Florida made a huge mistake when it adopted a grading instrument that only measures how well schools move kids to minimal competence in a few subjects. While parents love to hear their school is an “A” school – all that means is that their school is more successful in moving children to grade level in basic math and reading (and sometimes science). Is that really all you wanted for your kids? It also means that courses not covered by the FCAT — history, foreign languages, high level math and English, art, music – don’t matter and are, therefore, terribly neglected. That is especially so when the Governor and legislature insist on cutting already anemic school funding. Is it any wonder that Florida schools have become so uninteresting that we host one of the worst graduation rates in the nation?

Other states – like New York’s Regent’s exams – don’t overemphasize the exams but rather measure minimal and maximum performance in many subject areas.

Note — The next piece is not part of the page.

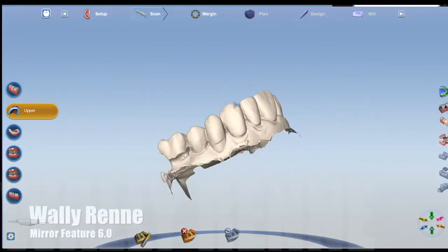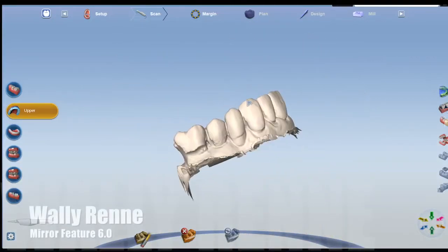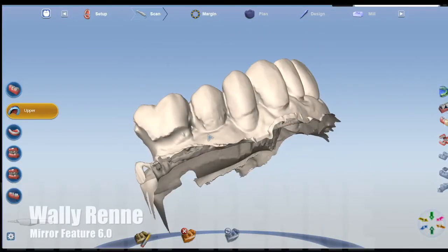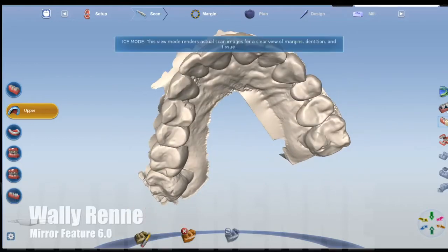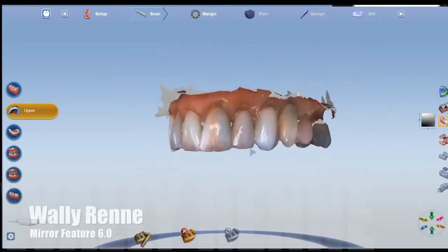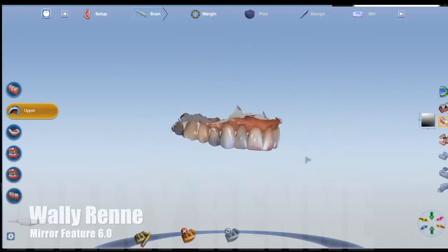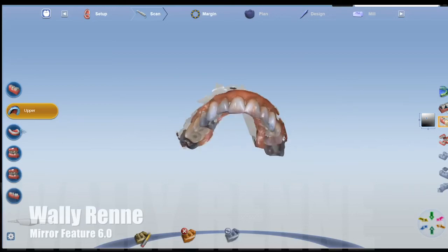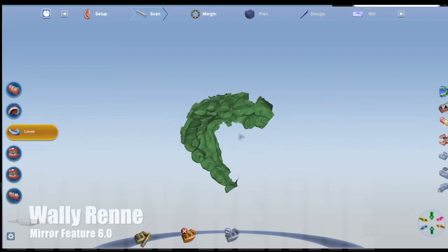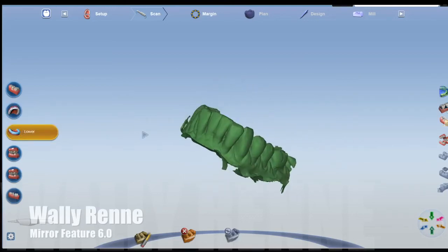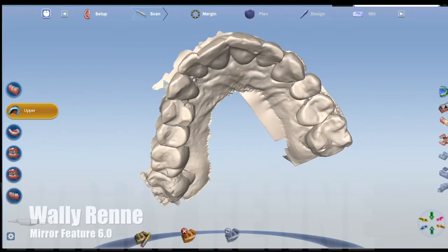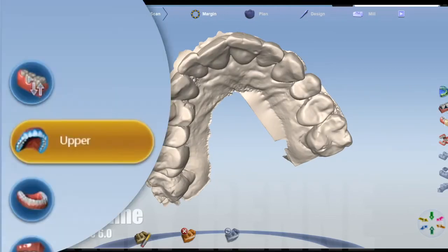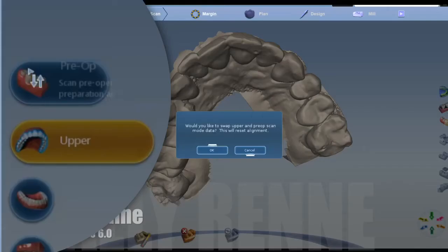Hey guys, I just wanted to show you something really cool in the 6.0 update that I've been playing with. Here's a patient that came in for a new patient exam and I just did a quick scan. It's not perfect, but usually when I'm doing these quick scans, they're not filling in every little nook and cranny — they're more of a diagnostic type scan. So the scan times are around a minute.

Public school students motivated in New York to perform exceptionally on their exams become “Regents Scholars” – and that accomplishment has great cache with colleges. Ever heard of an FCAT Scholar? I tried to convince the state to adopt Regent’s style tests years ago – but they have moved slowly and won’t let go of the FCAT.

In fairness to the architects of the FCAT, I realize it’s hard to measure whether a child has reached his or her potential. But Florida seems to have decided since we can’t measure maximum performance, let’s just measure minimal competence. Let’s make our floor also our ceiling, and declare success when we reach this low water mark. It’s almost as if the creators of Florida’s grading system cynically believe that public schools are for the masses who should be happy with mediocrity, and anything more should be found in private schools. I couldn’t disagree more and, in fact, Florida’s Constitution guarantees “high quality” public education.

Well, next week Sophie’s advanced math teacher will work feverishly to catch up or she will just have to leave things out. But at least Sophie will know she played an integral part in Florida’s mad dash to mediocrity. As for me, I’m so mad I could spit.